Wed Nov 10 07:00pm EST
Could a player play for a team BEFORE he actually gets traded there?
Only in the Quebec Major Junior Hockey League.
It appears former Halifax Mooseheads defenceman Garrett Clarke (photo) will do just that, suiting up for the Shawinigan Cataractes before the trade window opens on Dec. 19.
No time machine necessary, just take a disgruntled player, and add convoluted transaction rules (also cumin and coriander, Rachael Ray puts that on everything).
The quirky cousin in the CHL limits in-season trading to 20-year-olds and imports, except for a three-week period around Christmas. Meant to provide stability for players who are also students, the rule can occasionally end up hurting a player who falls out of favor with his team, as Clarke has.
This year, however, Shawinigan may be able to take advantage of a change that opens a loophole for players stuck in situations such as Clarke’s.
Shawinigan general manager Martin Mondou said a deal is in place to acquire Clarke from the Mooseheads.
“He’s going to be playing his first game for our ‘farm team’ – we own a junior AAA team in La Tuque – and he’s going to be playing there on Friday,” Mondou said.
Mondou continued to explain that Clarke could play up to 10 games with Shawinigan as an “affiliate player,” which seems to open the door to him playing with the Cats before Dec. 19.
So could Clarke be wearing a Shawinigan uniform before it’s officially announced that he’s traded there?
“We don’t know yet, we’ll see, it could be,” said Mondou, who did not reveal what the Cataractes will be giving up for the sixth overall pick in the 2008 QMJHL draft.
Halifax owner/coach Bobby Smith, who made the decision to cut ties with Clarke, provided a similarly ambiguous answer.
“We’ll just have to see. There’s a new rule that came in that affected that, we’ll see how that falls into place,” said Smith, who did not confirm the trade.
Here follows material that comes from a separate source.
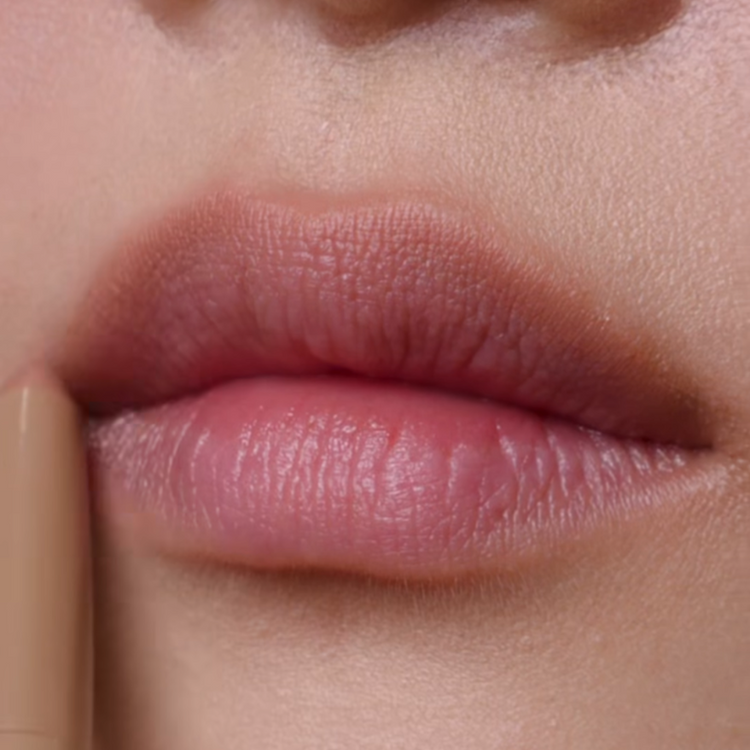 Rhode peptide lip shape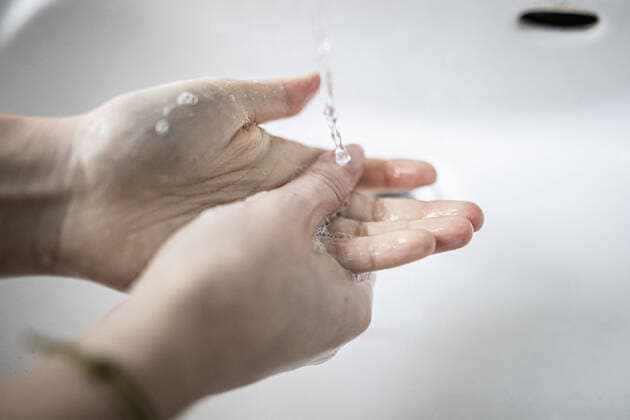 Haende werden mit Seife gewaschen in Berlin, 26.02.2020. Haendewaschen gilt als eine effektive Praeventionmassnahme gegen das Verbreiten von Viren und Bakterien, wie beispielsweise das neuartige Corona-Virus SARS CoV-2, das vermehrt in Asien und Europa auftaucht. Berlin Deutschland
The league officially announced a trade earlier this year between Shawinigan and the Gatineau Olympiques that sent overager Tommy Tremblay to Gatineau for 17-year-old Cedric Dubois. In previous years, that trade would not have been announced. Gatineau would have sent a “draft pick” – wink, wink, nudge, nudge – to Shawinigan, which would have been flipped back for the player at Christmas. Instead, Dubois has been able to get on with his career, playing junior AAA and suiting up for two games as an affiliate with Shawinigan.
Shawinigan has 15 games remaining before Clarke can become an “official” member of the roster, but they could easily let him get his legs back in junior AAA for a week or two, then integrate him into their lineup seamlessly as an affiliate.
The change is a good one for players, who don’t have to languish at a lower level just because their style of play or attitude doesn’t mesh with a certain coach.
I’m reminded of Marc-Andre Labelle, a former Moncton Wildcats forward who flourished as a rookie under John Torchetti in 2006-07, but didn’t fit into Danny Flynn’s plans the following year. Labelle went from a solid 35 points in 67 games to just four points in 15 games in a miserable first half of his 18-year-old season spent mostly in the press box. Labelle was eventually traded to the Chicoutimi Sagueneens but never recaptured his earlier promise and was out of junior hockey the next season.
I’m not saying Labelle was destined for The Show, but he certainly had potential and would have benefited from getting on with his career as soon as possible. Mondou hopes Clarke will get that chance in Shawinigan.
“Halifax has been very honest with us on the issues with Garrett, our coach (Eric Veilleux) has talked to him and we’ll see if he can put this aside and become a Cataracte,” Mondou said.